A modified serial resonant topology, the LLC converter, solves the problem of losing ZVS at
light load operation. ZVS condition is supported by the transformer magnetising current
which is independent of the load current. ZVS condition can be achieved over a wide operation
range to limit losses in the primary side MOSFETs. The LLC converter is a real load independent
DC transformer. This is a major result of this research.
The main advantage of a three stage solution compared to a two stage power supply is the
reduction of the bulk capacitance. The voltage variation at the bulk capacitor during a brownout
is regulated with a simple buck converter. The reduced bulk capacitance leads to cost savings
and a gain in power density. The galvanic isolation and the output regulation is separated
in a three stage concept, therefore the design of the stages is quite simple.
Every stage can operate independently, therefore the system gains degrees of freedom. More
freedom in design leads to a better adjustment between three stage SMPS and application.
If required, a synchronisation between the stages can be implemented. The load current of the
bulk capacitor can be reduced by synchronising the PFC stage and the following stage in high
power system.
Normally, the design of the different stages in a three stage SMPS is quite simple, because of
the spreading of the output power regulation and the galvanic isolation to different stages.
This separation could be used in a three stage LLC converter to reach a gain in efficiency
compared to a two stage setup.
The possibility for discrete optimisation of the stages leads to an optimised SMPS system.
The main drawback of a three stage solution is the higher component count, compared to a
two stage supply. However, higher component count and system costs do not correlate directly.
A practical comparison between the investigated power supplies showed a similar cost
level.
The major goal of the thesis, to achieve a gain in efficiency with three stage SMPSs compared
to a two stage solution, was not reached completely. The main reason is the high switching
frequency in the different stages. High switching frequency leads to high switching losses in
the switches.
At full load operation the efficiency of the three stage LLC converter was less than in the two
stage SMPS. However, at light load the situation reversed. The three stage LLC converter
reached higher efficiency than the two stage SMPS.
Due to the reduction of bulk capacitor size, an improvement of power density was reached
with three stage solutions, compared to two stage SMPSs.
This investigation highlights the qualitative properties of the different topologies. All quantitative
statements in this work refer to current state-of-the-art semiconductors and passive
components. Due to the permanent development in these fields all conclusions are only indicative.

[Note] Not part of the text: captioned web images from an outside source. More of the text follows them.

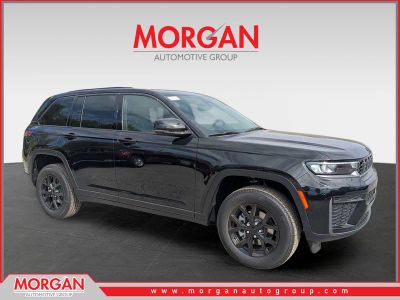 2026 Jeep Grand Cherokee Laredo Altitude in Black — front three-quarter view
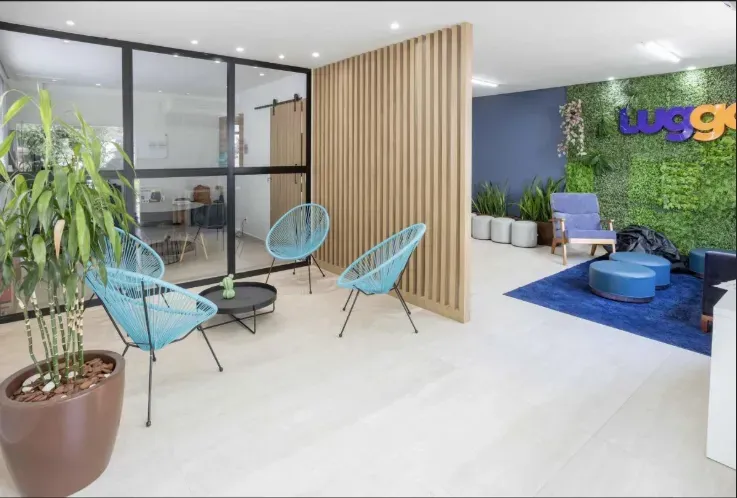 Furnished 2-bedroom apartment with 1 bathroom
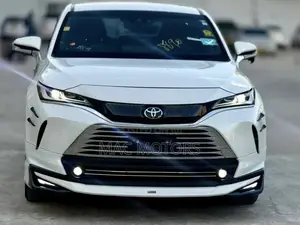 Toyota Harrier 2.0 2021 White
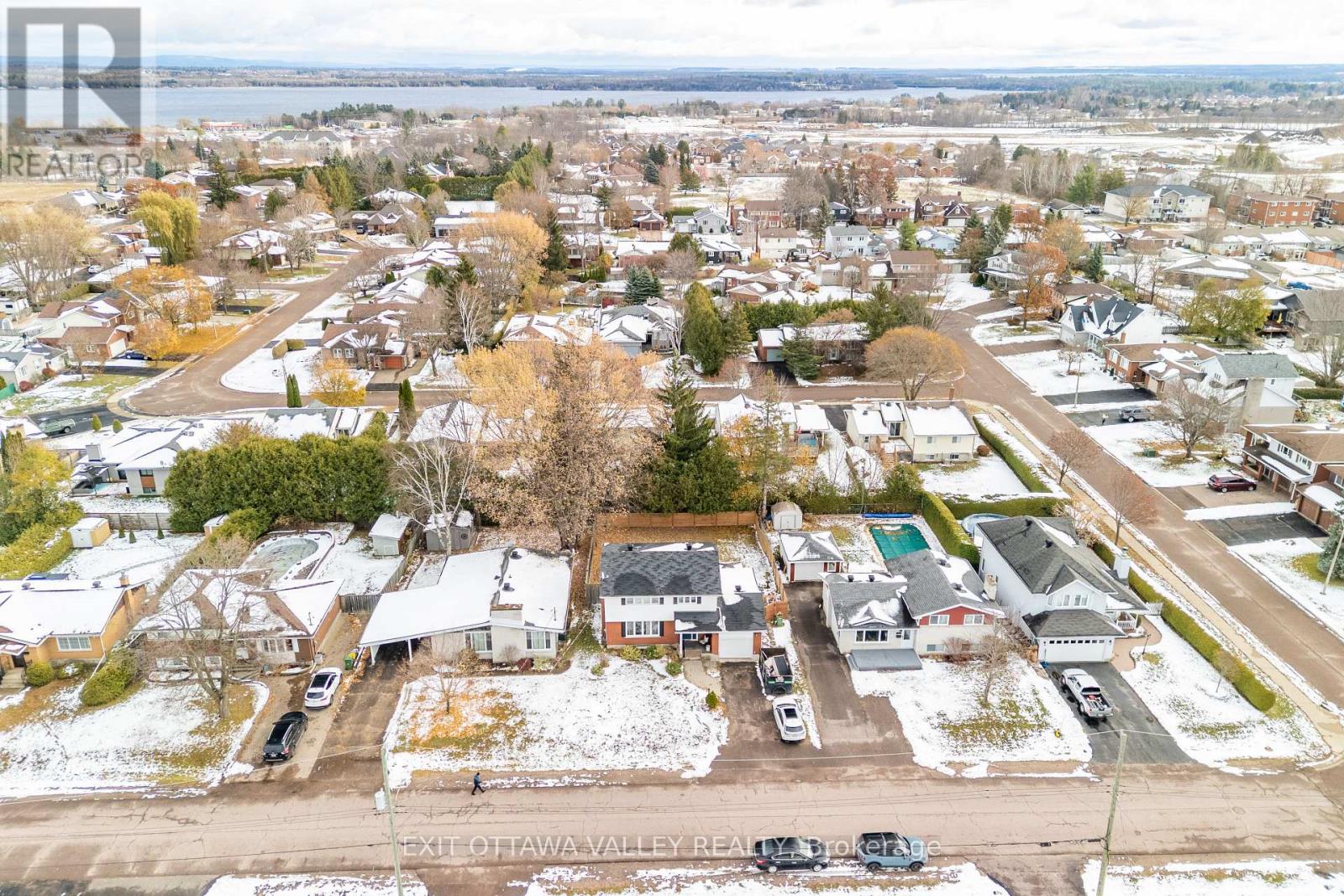 321 Patricia Avenue, Pembroke, Ontario  K8A 2C1 - Photo 45 - X12546456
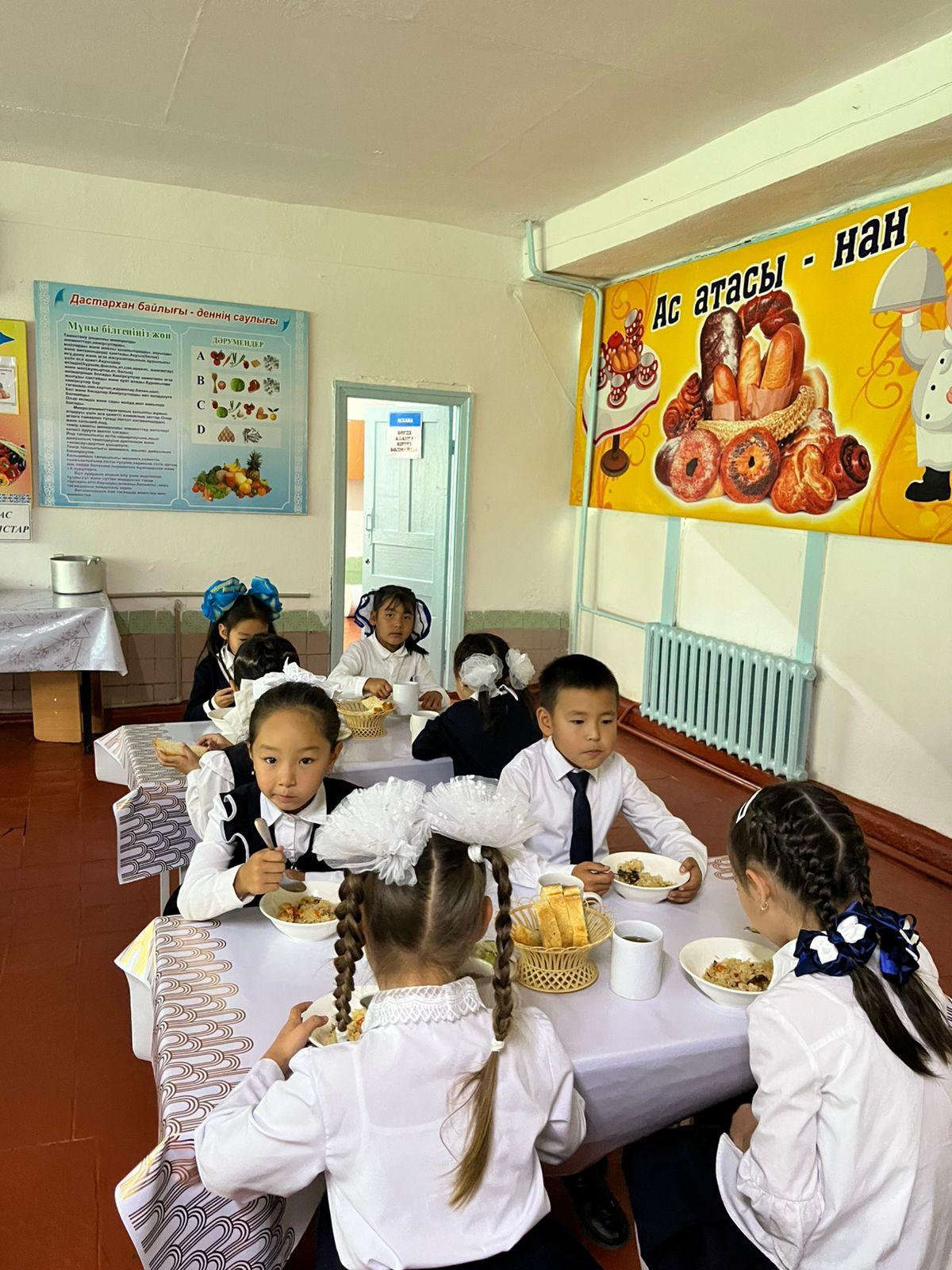 Бүгін мектеп асханасында оқушыларға санитарлық- гигиеналық талаптарға сай,құнарлы әрі дәмді тағам ұсынылып,балалар мәз болып, тәбеттерімен тамақтанып отыр.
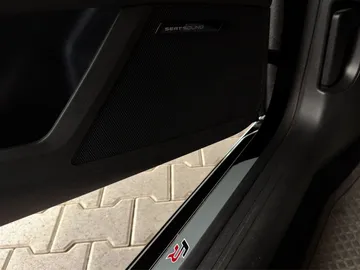Car image 36
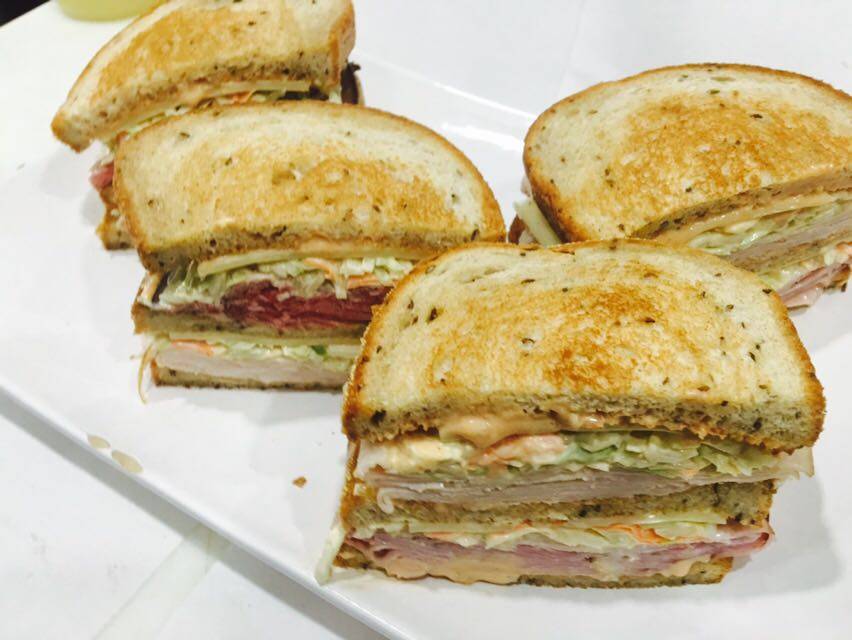 Vanoos Grillette | restaurant | 4614 Mission Blvd, San Diego, CA 92109, USA | 8582701101 OR +1 858-270-1101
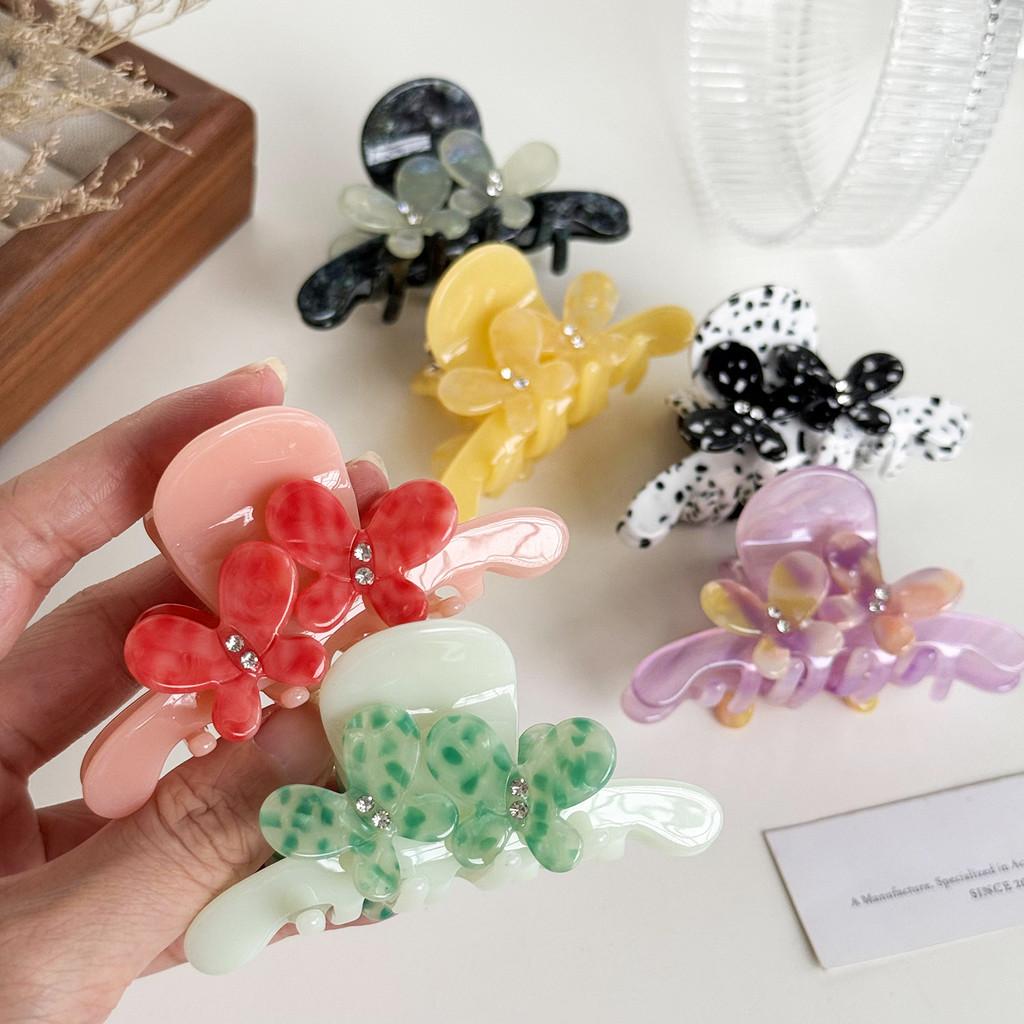 Fashionable Versatile Acetate Hair Claw Clip In Dazzling Colors For Women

In this research currently common switching frequencies have been proven. Therefore, the
efficiency values show not the maximum values for these topologies. A reduction of the
switching frequency would lead to a gain in total efficiency. By using state-of-the-art semiconductors
and passive components, switching frequencies of about 70 kHz to 130 kHz are
optimal for achieving high efficiency.
For high output power interleaved topologies in combination with low switching frequencies
(70 kHz to 130 kHz) are reasonable. Cancellation effects caused by control can be used to
reduce passive components stress in these topologies.
It became clear that the LLC converter with secondary side buck converter is the best three
stage solution. Due to the excellent properties in a three stage solution the combination of an
LLC converter with a primary side buck stage is reasonable, too. This setup would facilitate
the design of the buck regulator stage. This configuration could be investigated in ongoing
research. An efficiency estimation is already given in this thesis.